Esta referencia ecológica puede ilustrarnos un problema semejante a nivel psicológico y social cada vez que consideramos la «nueva libertad» y las nuevas posibilidades de comunicación de los individuos por el mero hecho de estar conectados. Ya hemos escrito mucho sobre este punto y no vamos a repetir. Pero ahora me interesa molestar un poco más sobre el problema central de este fenómeno del individuo-conectado.
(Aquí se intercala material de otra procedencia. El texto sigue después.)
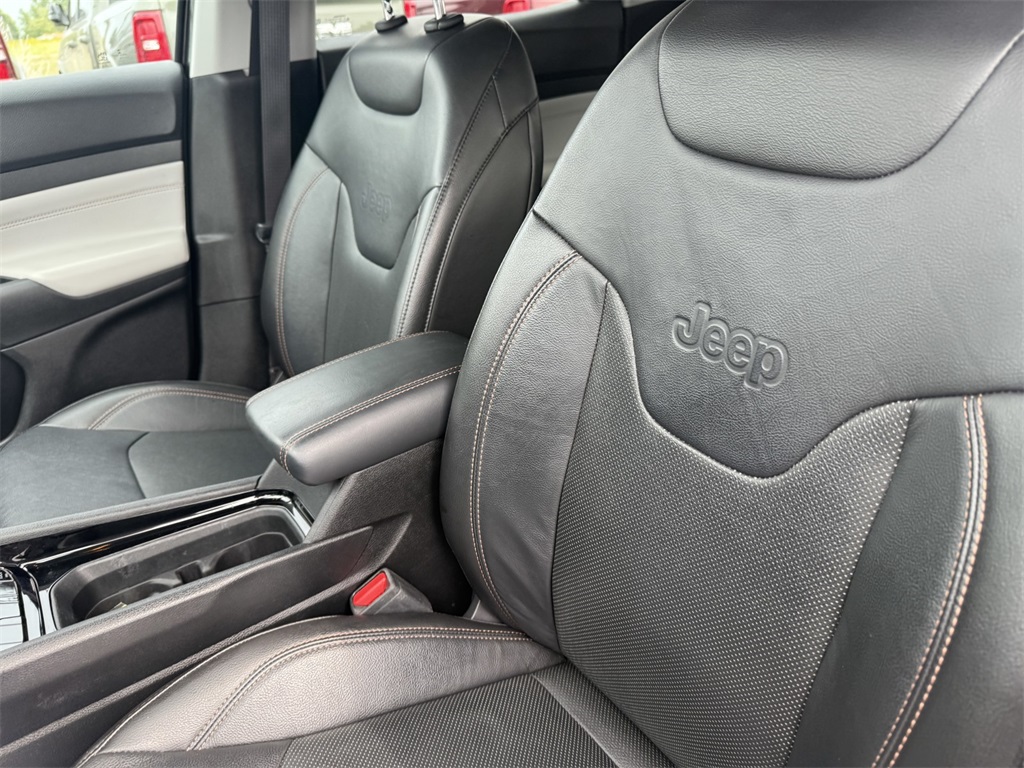 2022 Jeep Compass Limited photo 15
Hace unos días, mientras esperaba en un mall o centro comercial (lo que en español latinoamericano se dice «shopping center», tan equivoco como la palabra «plaza» usada en Estados Unidos) me detuve a descansar. En un instante dejé de mirar toda la gente que estaba buscando cosas para comprar y observé el resto de la gente que no estaba comprado cosas. Delante de mí pasó un padre seguido de tres niños, con un iPhone en una mano, el pulgar explorando la diminuta pantalla y sus ojos absortos en una lista de mensajes recibidos. Una chica entro a una tienda y revisó varias camisas sin dejar de leer su correo. Dos chicas más, repitiendo la misma práctica, se cruzaron increíblemente sin chocarse. En el nivel de abajo dos jóvenes y un hombre mayor reposaban en cuatro sillones. Cada uno tenía un BlackBerry, un iPad, un iPod y un iPud en una mano, sobre una rodilla, o en la mesita de al lado. (El insistente prefijo «i» puede referir «intelligent» o, ¿por qué no?, «yo» en inglés, algo así como «yo-Telefono», «yo-Cosa»; porque cuando el mercado insiste con un símbolo, es porque el verdadero significado es el contrario.) Ninguno resistió más de un minuto sin revisar algo. Casi siempre cambiaban de postura y se ponían a escribir, tal vez contestaban un correo o chateaban con alguien que no debía ser ninguno de los otros dos que estaban al lado.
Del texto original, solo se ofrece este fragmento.